Mickey Bruce fingers Frank Rosenthal, US Senate hearing, 9/8/61

On September 8, 1961, sitting at a Senate hearing witness table with Frank Rosenthal — the “Frank” he’d met at the Dearborn Inn — Bruce, literally, fingered Rosenthal as one of the men who had attempted to bribe him.

Bruce told the senators that Jim Grenadi had asked him to get the tickets for two gambler friends, who wanted to attend a game that they would be betting heavily on. On meeting the gamblers in their hotel room, he learned of their desire that he take a backfield dive. Bruce said he’d “played along”, telling Rosenthal he’d be back later that evening to arrange the deal; instead, Bruce reported the incident to Cas, setting the law in motion. 

On Bruce’s return to the gamblers’ hotel room, he testified, he was given $50 for the two $6 tickets, and asked to help ensure the Ducks lost by at least 8 points by playing bad pass defense, and told he’d be given $100 per week for the rest of the season if he’d phone Rosenthal in Miami Beach each Monday and give the gambler reports of injuries on the Oregon team.
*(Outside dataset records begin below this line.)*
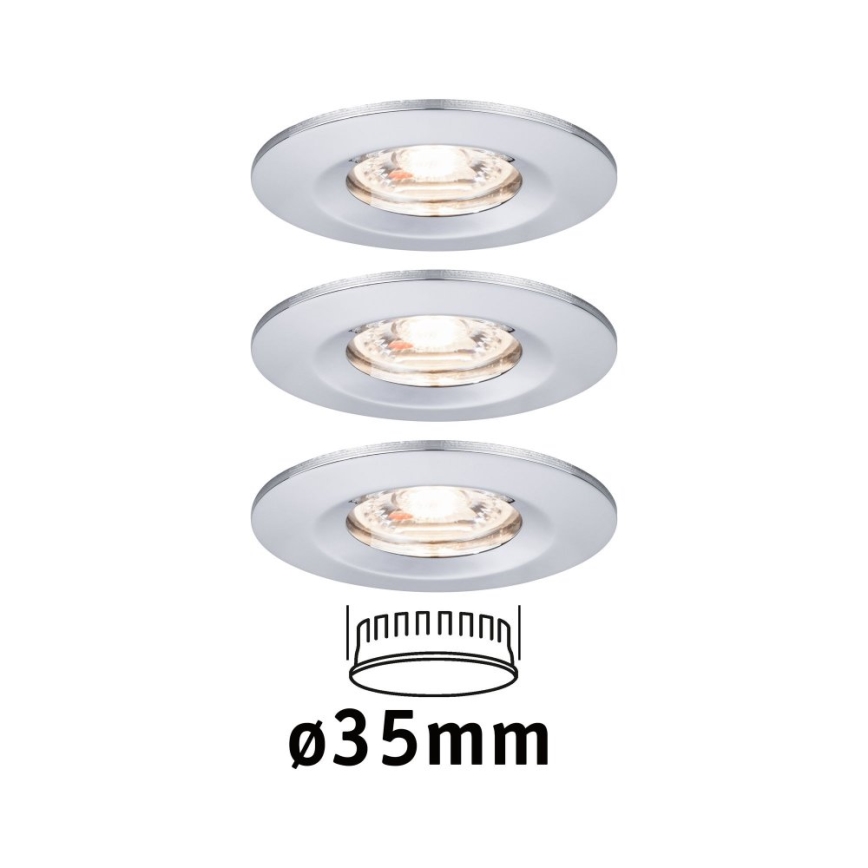 Paulmann 94303 - SET 3xLED/4W IP44 Badezimmer-Einbauleuchte COIN 230V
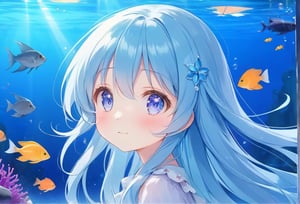 masterpiece, best quality, extremely detailed, (illustration, official art:1.1), 1 girl ,(((( light blue long hair)))), ,(((( light blue long hair)))),light blue hair, , long hair ((blush)) , cute face, big eyes, masterpiece, best quality,(((((a very delicate and beautiful girl))))),Amazing,beautiful detailed eyes,blunt bangs((((little delicate girl)))),(((tareme))),droopy eyes.(true beautiful:1.2), sense of depth,dynamic angle,,,, affectionate smile, (true beautiful:1.2),,(tiny 1girl model:1.2),)(flat chest),1 Girl, alone,Purple eyes, Long Hair, blunt bangs, bangs,(girl it look at aquarium fhish ), aquarium, Glass tunnel, sea creature, school of fish, illumination, Blue light, Aquarium, reflection, adventure, excited, Light effects, mysterious 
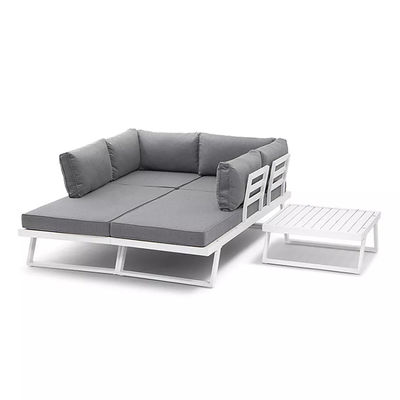 AJUNION Moderne U-vormige buitenmeubilair set Aluminium frame Hoek lounge voor tuin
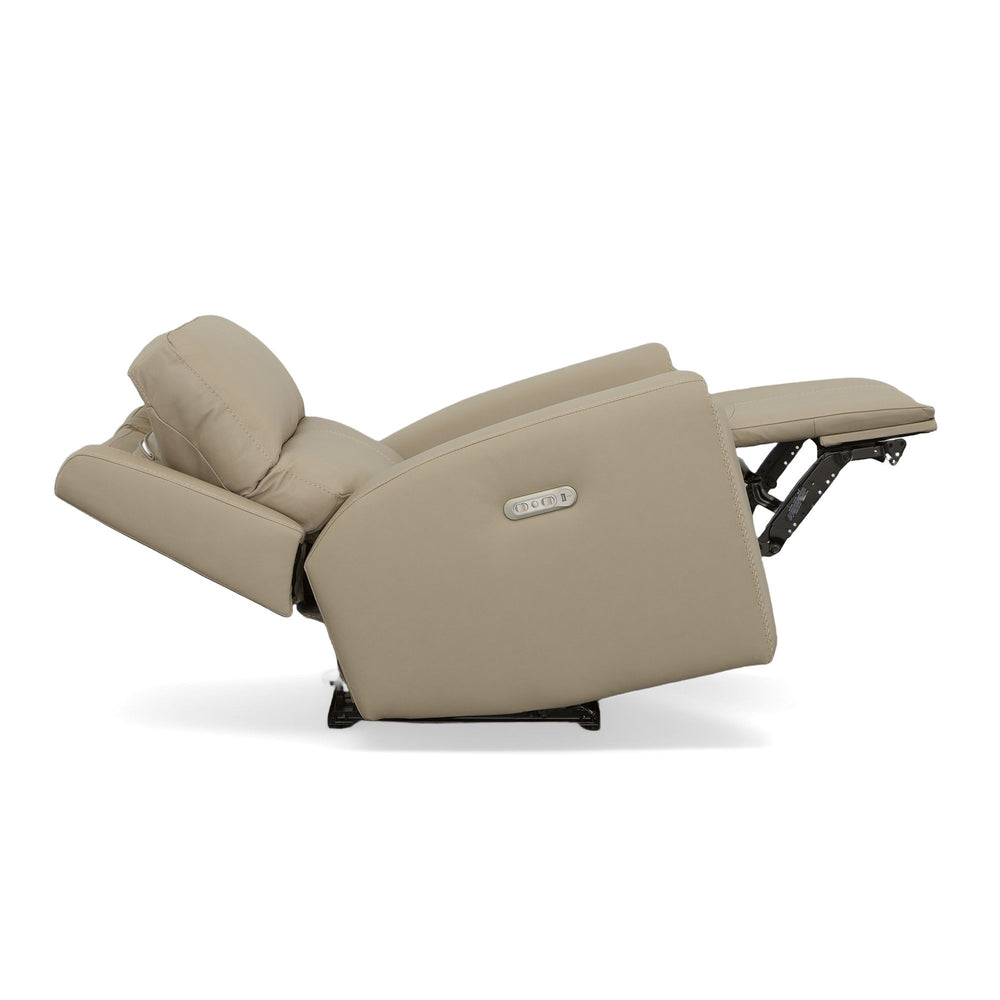 Jarvis Leather Power Recliner with Power Headrest in Parchment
Rosenthal also offered Bruce a $5,000 bonus if he could bring QB Dave Grosz into the arrangement, for which Grosz would also receive $5,000. Bruce left, and returned to the hotel with detectives the next morning to see Budin being led away in handcuffs.

Rosenthal, as was his right, plead the 5th Amendment. 

**

In October 1961, the Wayne County (Michigan) district attorney’s office announced that it wanted Mickey Bruce to come to Detroit and swear out a complaint against the three men who had attempted to bribe him. As Bruce was the only witness to the attempt, without his complaint there would be no prosecution of the gamblers. The Ducks had a game scheduled against Ohio State in mid-November, and the Michigan authorities thought it would be convenient for the team to bring Bruce along so he could file the complaint.

But Bruce was out for the season —  he separated a shoulder during a loss to Stanford — and had not planned to make the trip to Columbus.

Cas and Harris urged him to come along. But Bruce now said he wanted to be done with the whole matter. In an interview with the Register-Guard, Bruce said “as far as I’m concerned, this whole thing should have been dead a month after it happened.”  He had conferred with his father, the Chicago attorney, and concluded that he could not be compelled to swear out a complaint. He said he didn’t have time to go — he was president of his fraternity, immersed in study, and just didn’t want to take the time to travel cross-country. In his opinion the Michigan police had botched the whole situation from the start. He didn’t want to have any more to do with what he considered a poorly run prosecution that had little chance of success. And it had been so long, he wasn’t sure he remembered everything correctly; it was “a little hazy.. as to who said what.”

In refusing to go along, Bruce stood up to AD Leo Harris, who had assured the Michigan DA that Bruce would be available for “interrogation.”  But Mickey Bruce was tired of the whole thing, of the “taken any bribes lately?” jokes, and wanted to get on with his life. Harris even appealed to Oregon prexy Arthur Flemming, who said that although it would be nice if Bruce would go, Flemming certainly couldn’t force him to do so. 

And that was that. Bruce stayed home, Oregon went to Columbus and lost to the Buckeyes 23-12, and the Wayne County DA dropped the case against Budin and Rosenthal for lack of evidence.

***

Frank Rosenthal and David Budin were eventually indicted by a North Carolina grand jury in 1962, charged with offering a $500 bribe to a NYU basketball player to shave points at a NCAA tournament game against West Virginia in 1960. They plead no contest; Rosenthal paid a $6,000 fine, and Budin received two years probation. 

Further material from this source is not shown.